Ansiosa por incrementar las ventas de sus cajas registradoras, la sociedad National Cash Register (NCR) organizó seminarios sobre los “métodos mercantiles modernos”, que atrajeron a muchos occidentales, franceses, sobre todo. A excepción de Édouard Leclerc, los fundadores de todos los futuros grupos de distribución del país asisten: Auchan, Castorama, Prisunic, Promodès, Fnac, Printemps, etc. El fundador de Carrefour, Marcel Fournier, regresa de Ohio convencido de la necesidad de ampliar tanto la superficie de aparcamiento como la de venta del primer hipermercado francés, que abriría en 1963 en Sainte-Geneviève-des-Bois (Essonne). En 1975 ya había más de 250 tiendas gigantes de este tipo (2), más de 400 en 1980 y en la actualidad ya son 2.200 repartidas por toda Francia. Facturan más de 100.000 millones de euros al año y rondan el 35% de las ventas de productos alimentarios.

En 1964, un vendedor de electrodomésticos abre una primera tienda en los terrenos pantanosos del norte de Marsella, Plan de Campagne, que se convertiría en una de las mayores zonas comerciales de toda Francia. En 1969 abren los primeros centros que integrarían una galería comercial: Parly 2, en Yvelines, y Cap 3000, cerca del aeropuerto de Niza. Al igual que los innumerables centros y polígonos comerciales que los seguirían, están rodeados por áreas de aparcamiento –sus 3.000 plazas dan su nombre al centro comercial nizardo–. Al querer adaptar la ciudad al coche, el automovilismo ha matado el urbanismo, como previó André Gorz en 1973: “Si el coche tiene que prevalecer a toda costa, no existe más que una solución: suprimir las ciudades, es decir, esparcirlas a lo largo de grandes extensiones de cientos de kilómetros, de avenidas monumentales, de arrabales de autopistas” (3).

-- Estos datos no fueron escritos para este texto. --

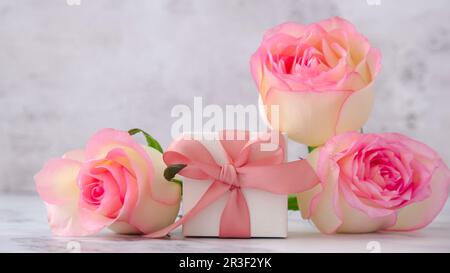 Geschenkbox mit Schleife, pinkfarbene Rosen auf pinkfarbenem Hintergrund. Grußkarte. Präsent für Frühlingsferien Kopierbereich für Text. Stockfoto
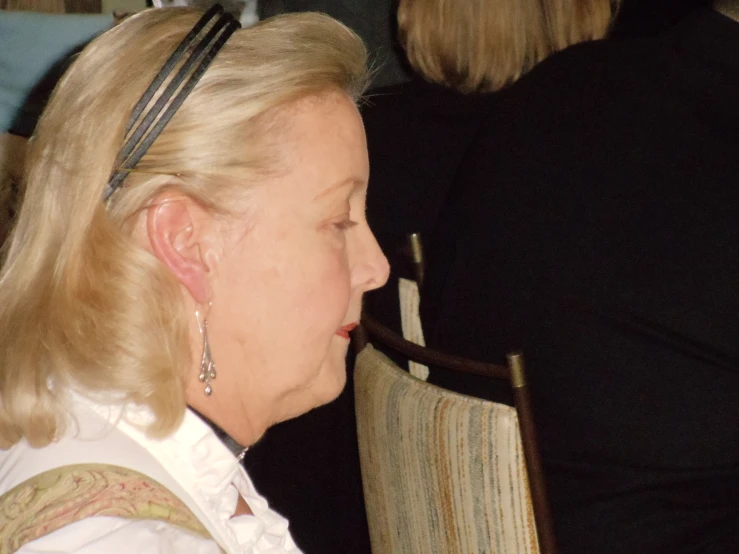 woman sitting in chair looking at cell phone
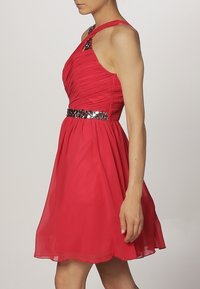 Red sleeveless dress with a fitted, pleated bodice, a jeweled waistline, and a flowing skirt. Smooth fabric with a subtle sheen.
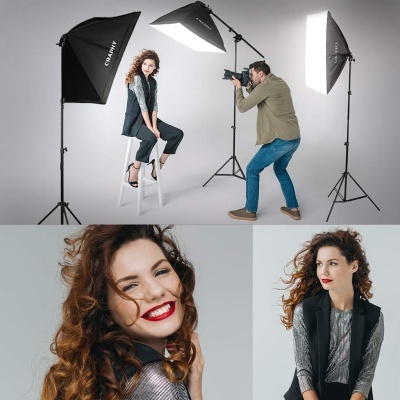 Mulher ruiva em sessão fotográfica com equipamento de iluminação e fotógrafo, vestindo colete preto e roupa prateada.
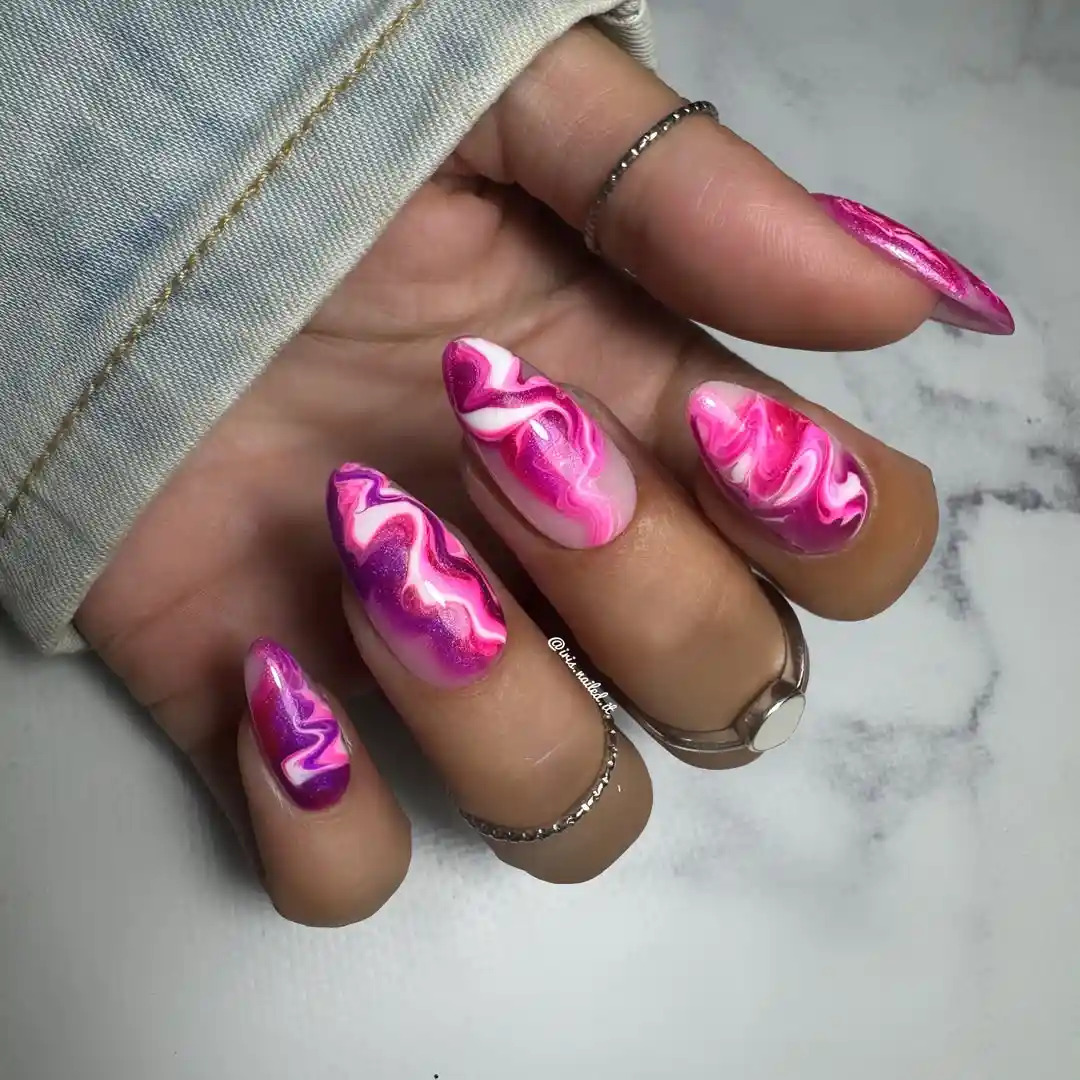 Pink and purple swirl marble nails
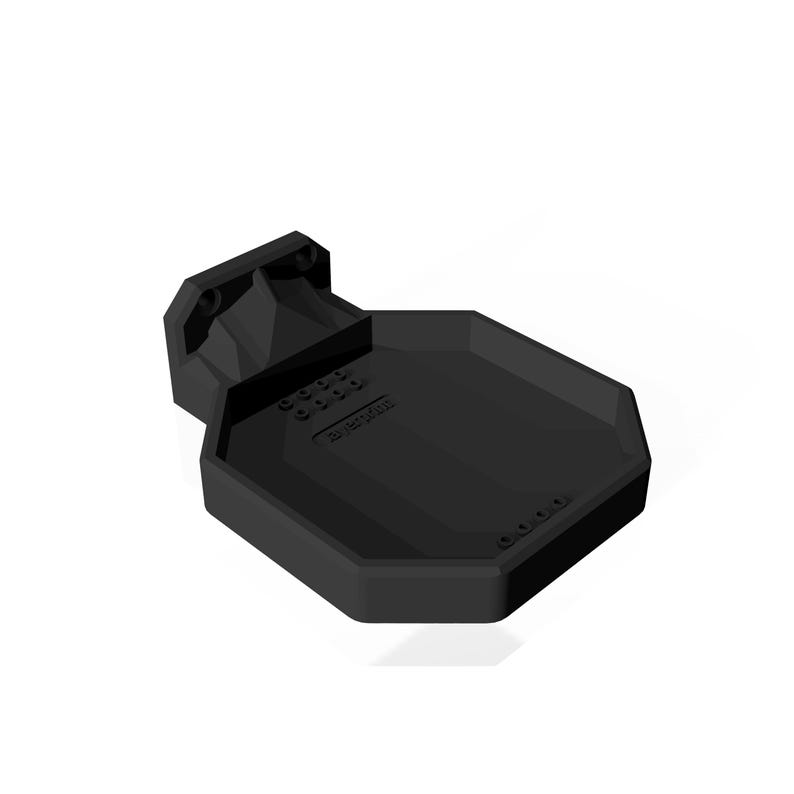 May include: A black, geometric-shaped product, possibly a shelf or holder, with a flat, octagonal surface and a mounting bracket. The product has a matte finish and appears to be made of plastic or a similar material. The text "Rotor Riot" is visible on the surface.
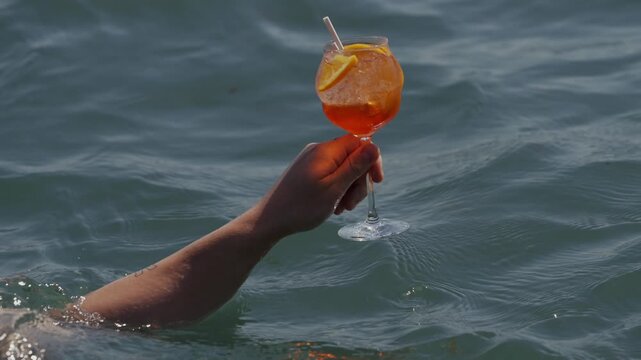 Orange cocktail in a glass floats in turquoise ocean water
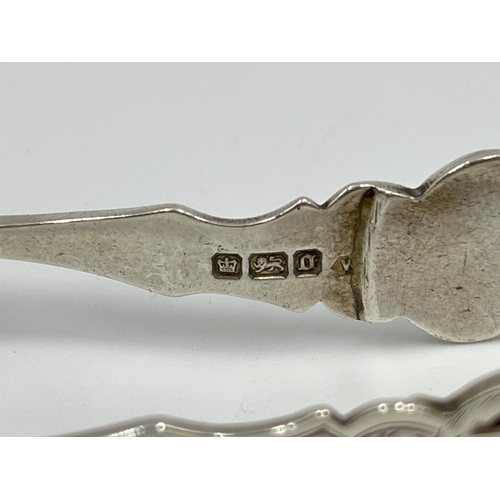 1234 - Five antique hallmarked sterling silver sugar tongs to include Edwardian Sheffield silver with claw ... 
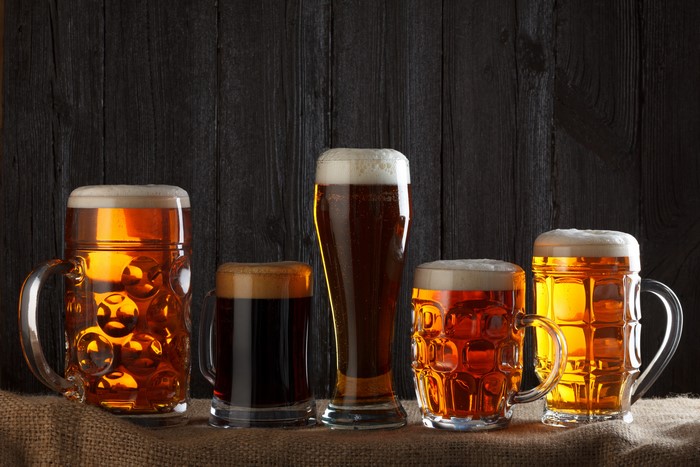 Five glasses of beer on a table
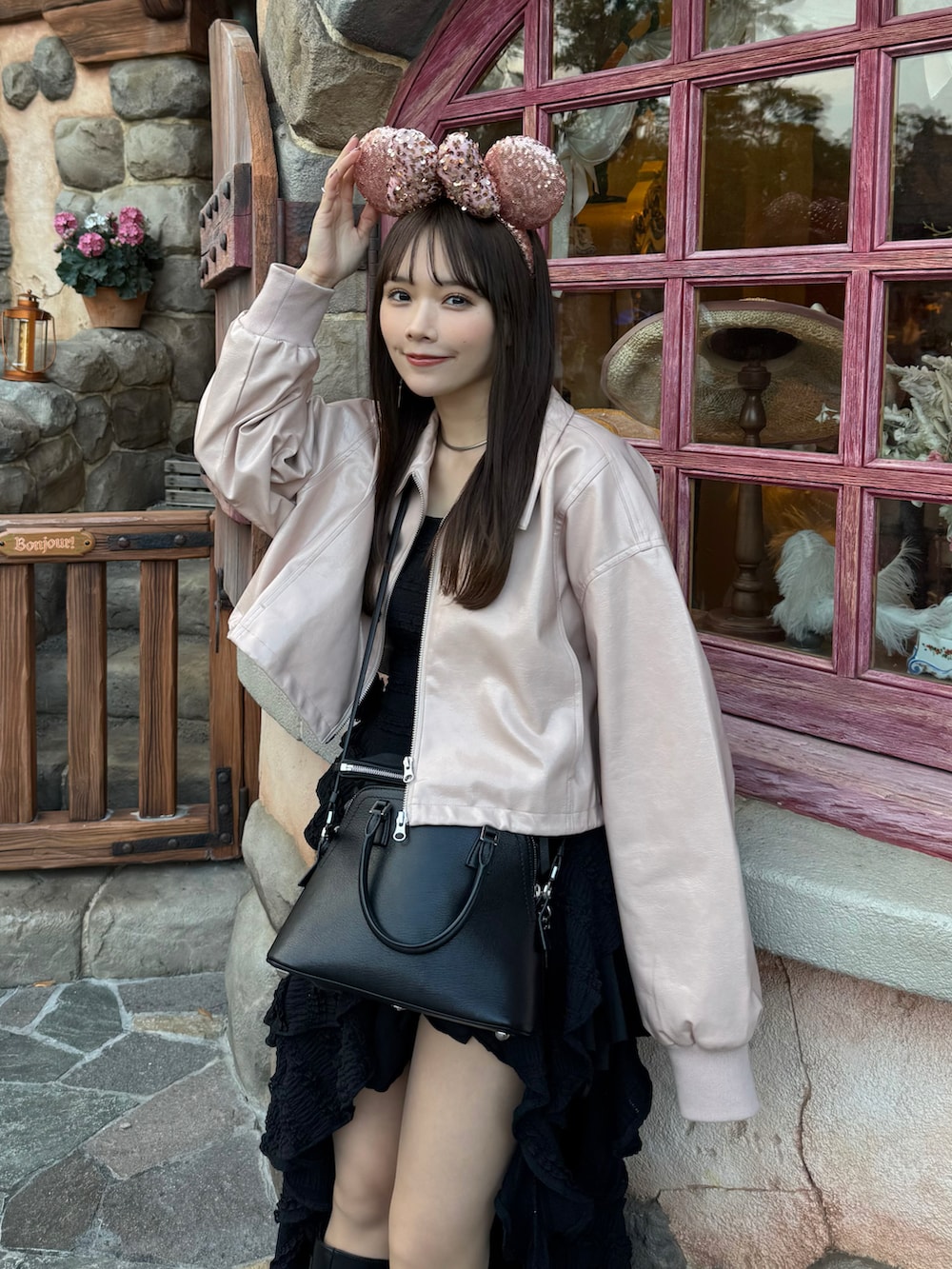 ピンク系のブルゾン、ブラック系のワンピース、ブラック系のショルダーバッグを着用したレディースの春コーディネートの4枚目の写真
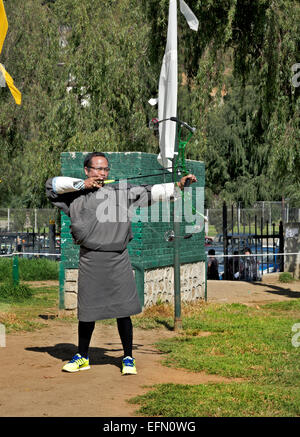 BU00056-00... BHUTAN - Archer in traditioneller Tracht (ein Gho) Teilnahme an einem Turnier 145 Meter auf ein Ziel schießen. Stockfoto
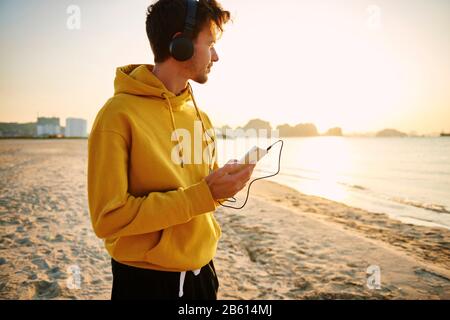 Junger Mann, der Musik am Strand hört Stockfoto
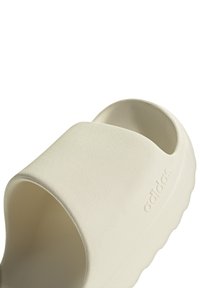 Infradito bianche con una finitura testurizzata, apertura sul retro e una fascia larga, con il logo Adidas in rilievo sul lato.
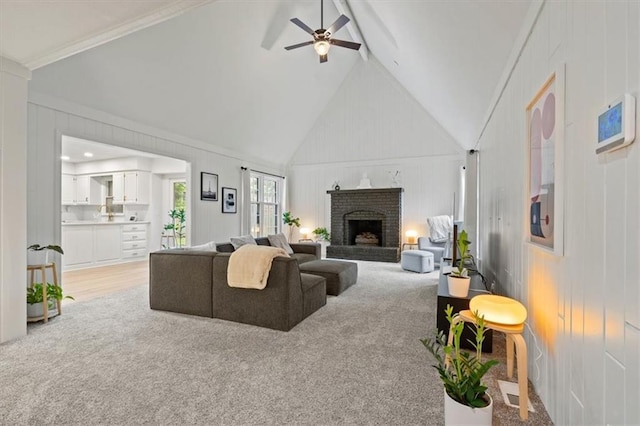 living area featuring vaulted ceiling, light carpet, a ceiling fan, and a brick fireplace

No resulta insignificante el hecho de que las grandes empresas de la distribución y los fabricantes de automóviles sean desde hace tiempo quienes más gastan en publicidad propagando la idea de que el coche individual ahorra tanto tiempo y es tan útil que todos debemos acomodarnos a sus molestias. Accidentes, contaminación del aire, del agua, del suelo, contribución al efecto invernadero, ruido, atascos, destrucción de los paisajes y de la biodiversidad…: la espiral de la dependencia del automóvil conlleva “costes externos” colosales, valorados en 820.000 millones de euros anuales en la Unión Europea y en 109.000 millones solo en Francia, es decir, en torno al 5,5% del producto interior bruto (PIB) (4). Y todavía resulta imposible cuantificar lo esencial: el costo de una expansión urbana muy difícilmente reversible.

Aunque el fenómeno de la periurbanización se está volviendo universal, Francia se distingue en Europa por su modelo de acceso a la ciudad, con hipermercado y área comercial. La concentración en el sector alimentario ha sido emulada en todos los sectores de la distribución, desde la moda hasta los deportes. Ya desde los inicios, los pequeños comerciantes temían los efectos de las fuerzas del libre mercado y de la concentración del capital en el sector de la distribución. En 1973, el Gobierno intentó “supervisar” la expansión de las ciudades con la ley Royer y la creación de comisiones destinadas a regular la apertura de nuevos establecimientos. Pero la hipocresía de los mandatarios locales de uno y otro bando y la corrupción pervirtieron su función, como quedó ampliamente demostrado por la comisión parlamentaria de investigación del financiamiento de los partidos políticos de 1991.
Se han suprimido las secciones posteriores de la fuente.